I got an email the other day, and it was nearly impossible for me to tell at first whether it was legitimate. Given that some vulnerabilities can gain access to your system if you merely preview an email in Outlook, I get nervous. But I do need to determine when an email is safe.
First and foremost, a healthy dose of skepticism is important. Always ask yourself whether the platform you’re using is patched and ready to fend off attacks. If, for instance, you’re still using a version of Outlook that’s no longer supported, you are at risk; never open an unexpected email in an unpatched Office suite. You’re better off migrating to a newer email client that offers better protection. There are many third-party email clients that can be useful alternatives to Outlook. Thunderbird, eM Client, and Mailbird are three options I’ve found to be good — if you simply need light email and calendaring.
Sometimes protection can be old-school: If you weren’t expecting an email, but you know the person who sent it, one of the easiest ways to check if it is legit is to pick up the phone and call. The same goes for business-compromise email schemes: the best way to ensure your bank account is not cleaned out is to call to confirm a transaction. Remember, even smart people can be scammed; Barbara Corcoran, the Shark Tank judge, nearly lost $400,000 last year when scammers pretending to be her emailed her bookkeeper to authorize a banking transfer. (A poorly formed email address tripped up the scammers.)
Instead of using different email clients, you can also switch platforms. As more companies move to the Apple platform or to Chromebooks, people can be lulled into thinking they’re immune to attacks. But as users move away from Windows, so do attackers.
It’s always important to make sure whatever OS you use is up to date.
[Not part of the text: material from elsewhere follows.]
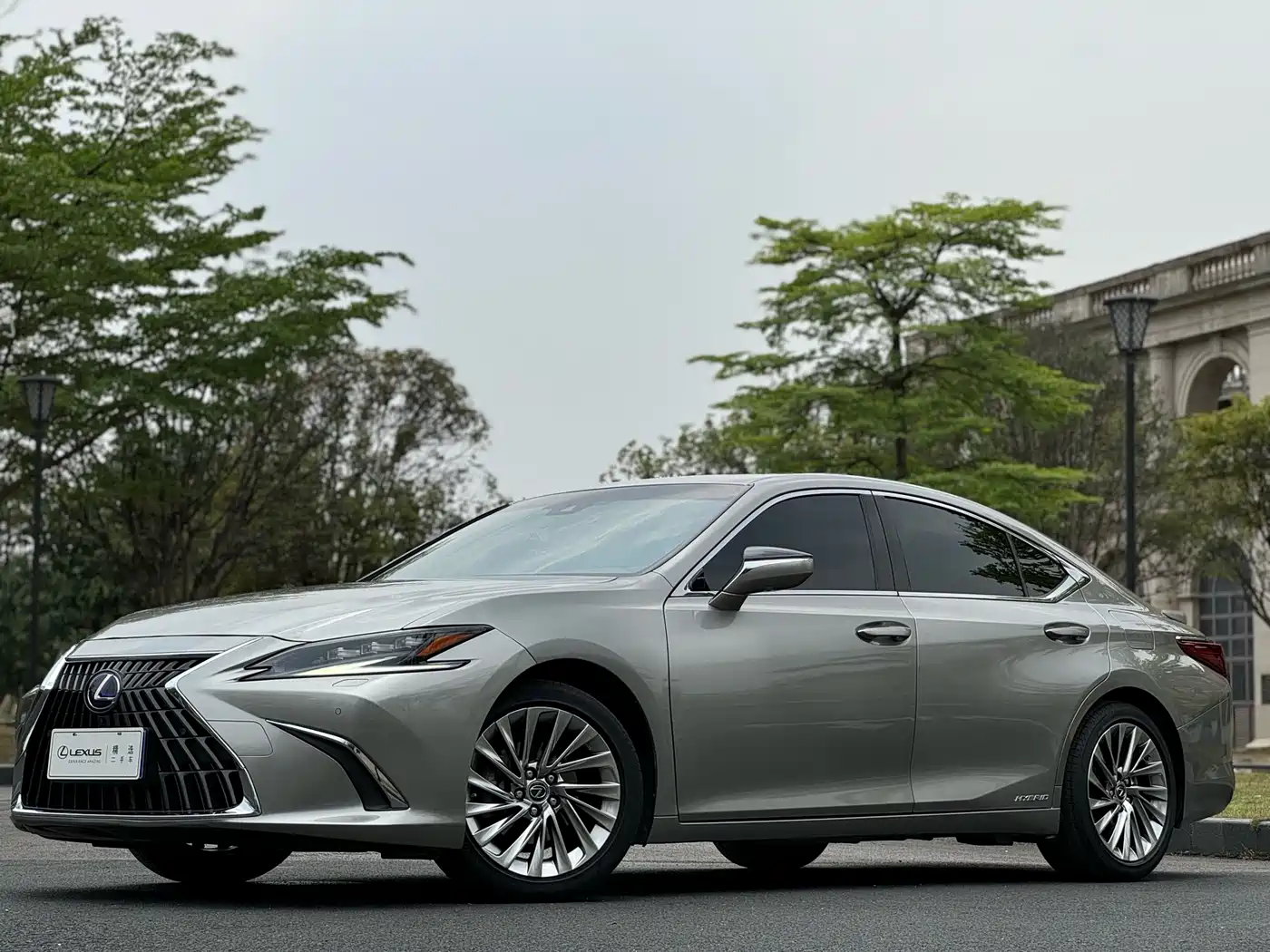 Lexus ES 2021 300h Executive Edition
It’s easy to use an unpatched Chromebook and not realize it needs to be updated. Even Chromebooks are not immune to attacks, so you need to regularly review the extensions and applications you use and change web-based passwords regularly. Use a password management tool and don’t save passwords in your browser. It may be convenient, but it’s also convenient for attackers.
As for the Apple platform, many people have moved from Windows desktops to more mobile devices like iPhones and iPads — so attackers have pivoted to these targets, too. The risks from malicious applications or devices connected to unknown Wi-Fi networks affect iOS and macOS as well.
Watching what attackers do
I’ll be the first to admit that I’m a curious geek. I like to know and understand what tricks attackers use against me so I can better protect access to my data and computers. One site I have turned to is www.reverse.it. It allows you to use a virtual machine to open a malicious link or file. (You can also visually see what the resulting link or file is trying to do.) Often, I can see these links launch another URL that successfully bypasses antivirus detection. I also see many sites that serve as landing pages to harvest usernames and credentials. Attackers can, for example, pretend to be a landing site for Office 365 or OneDrive in order to steal the exact information they need to access cloud data. Other times, I see malicious Office files that try to launch macros to gain access to a system.
There are steps you can take that go beyond just updating your systems, whether you use Windows, Chromebooks, or iOS/macOS. Review the risks for each platform and make adjustments.
With Windows, consider disabling scripting in your browser. Instead of disabling scripting site wide, you might use a plug-in like NoScript; it allows you to choose the sites on which you’re comfortable running scripts. Microsoft is in the process of testing a mode on its Edge browser that will disable the just-in-time engine to bolster security. Another alternative: the Tor browser, which includes NoScript and can be installed on multiple platforms ranging from Windows, Apple, Linux and Android.
Next, review your Office suite setup to make sure you’re running a supported version and adjust the default settings to block macros. (Most users of Office for Windows or Office for Mac can simply upgrade to a supported version where macros will be disabled by default.) If you open an Excel file that includes macros with the file extension of .xlsm and you don’t get a warning about macros, it’s past time for you to upgrade. Remember, there are free alternatives such as LibreOffice that are safer than an older unsupported version of Office.
Bottom line, take the time to understand what attackers do, and how they operate, and you can make better decisions on how to protect yourself. No one is too big (or too small) for attackers to care about. Keep that in mind and you’ll be better equipped to protect yourself.